◆ EXERCISE INSTRUCTIONS
Please give the whole listing again exactly, without any of its pictures.

◆ SOURCE DATA
——
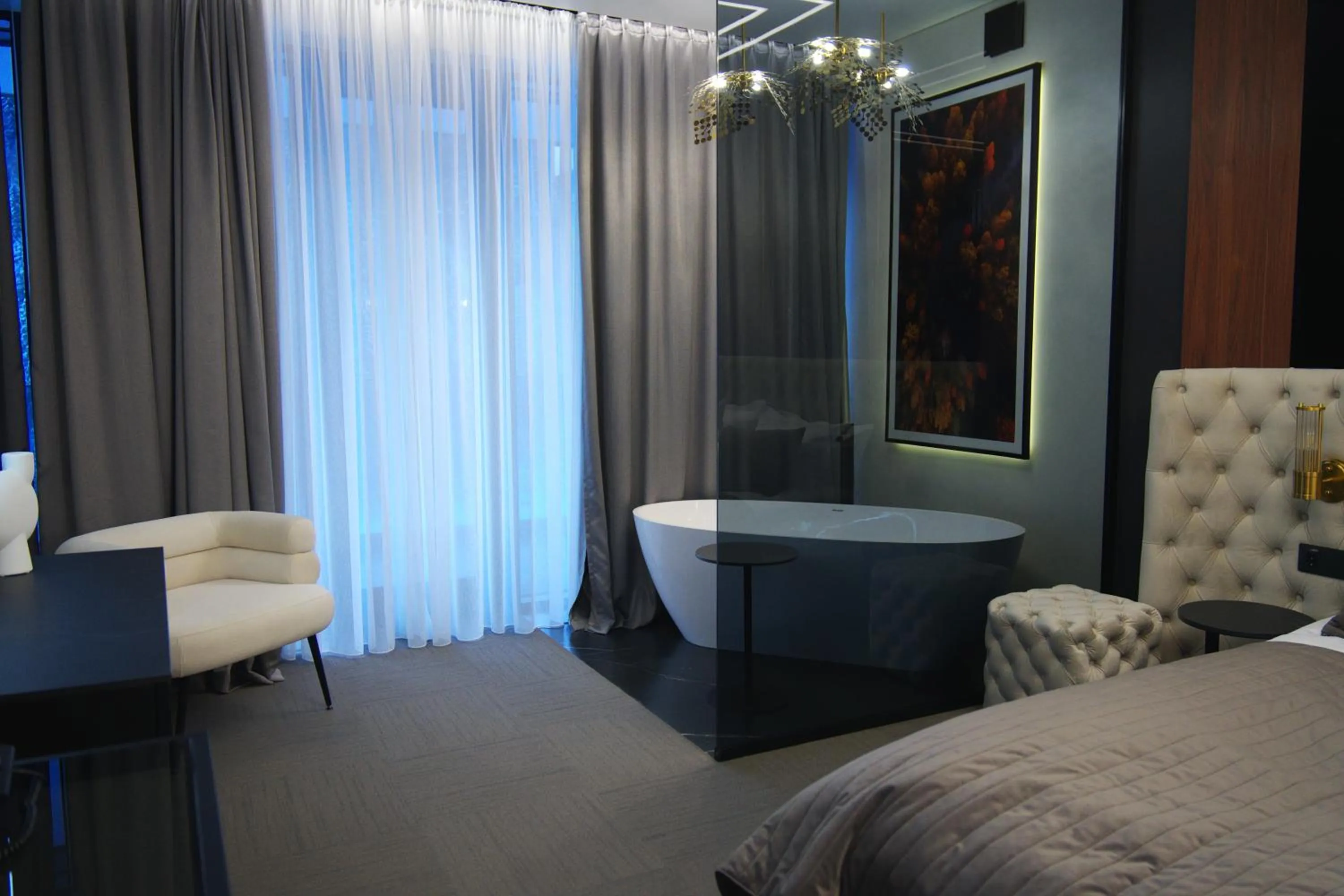 Bed in Glacier Premium Apartments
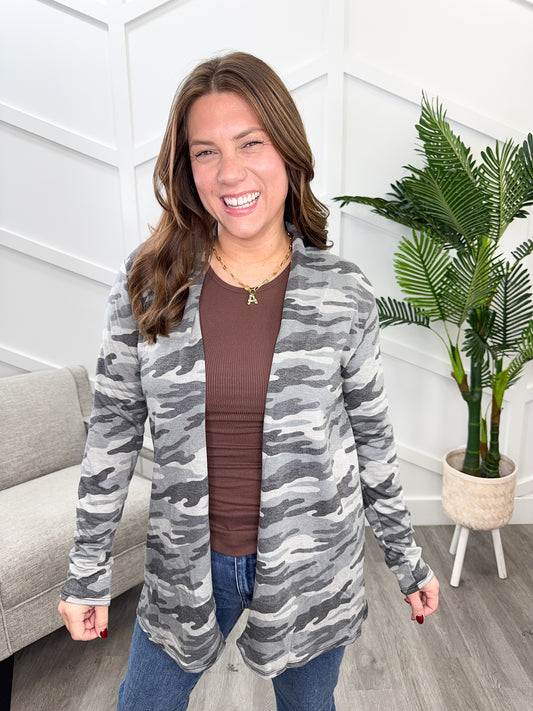 Reg/Plus-Camo Crush Cardigan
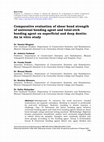 Comparative evaluation of shear bond strength of universal bonding agent and total-etch bonding agent on superficial and deep dentin Cover Page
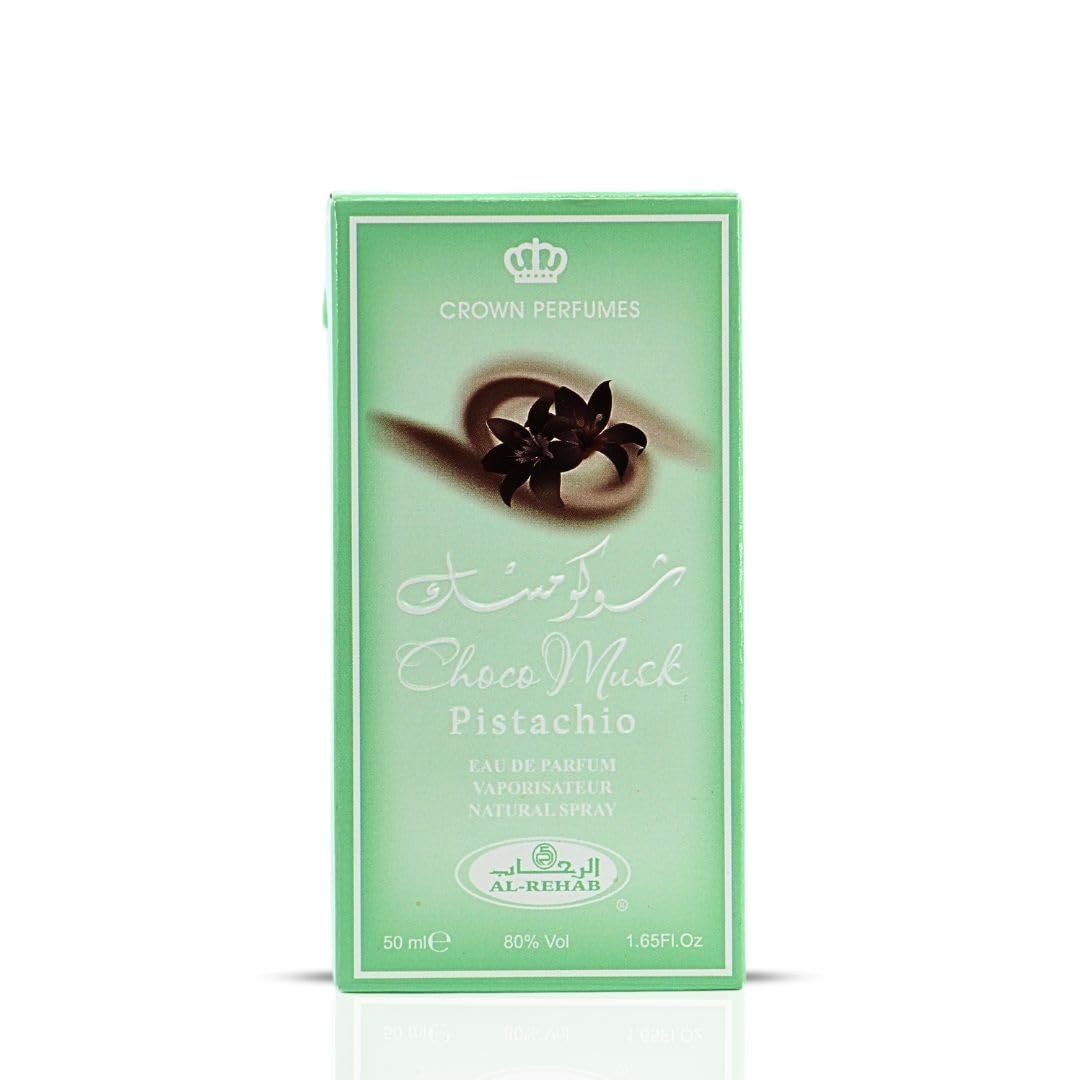 Al-Rehab Choco Musk Pistachio Eau de Parfum for Women & Men - 50ml (1.65 oz) | Nutty Gourmand Perfume with Pistachio, Chocolate & Vanilla | Sweet, Creamy & Addictive | Long-Lasting Arabian Fragrance - Image 3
——
◆ THE ANSWER
 Bed in Glacier Premium Apartments
 Reg/Plus-Camo Crush Cardigan
 Comparative evaluation of shear bond strength of universal bonding agent and total-etch bonding agent on superficial and deep dentin Cover Page
 Al-Rehab Choco Musk Pistachio Eau de Parfum for Women & Men - 50ml (1.65 oz) | Nutty Gourmand Perfume with Pistachio, Chocolate & Vanilla | Sweet, Creamy & Addictive | Long-Lasting Arabian Fragrance - Image 3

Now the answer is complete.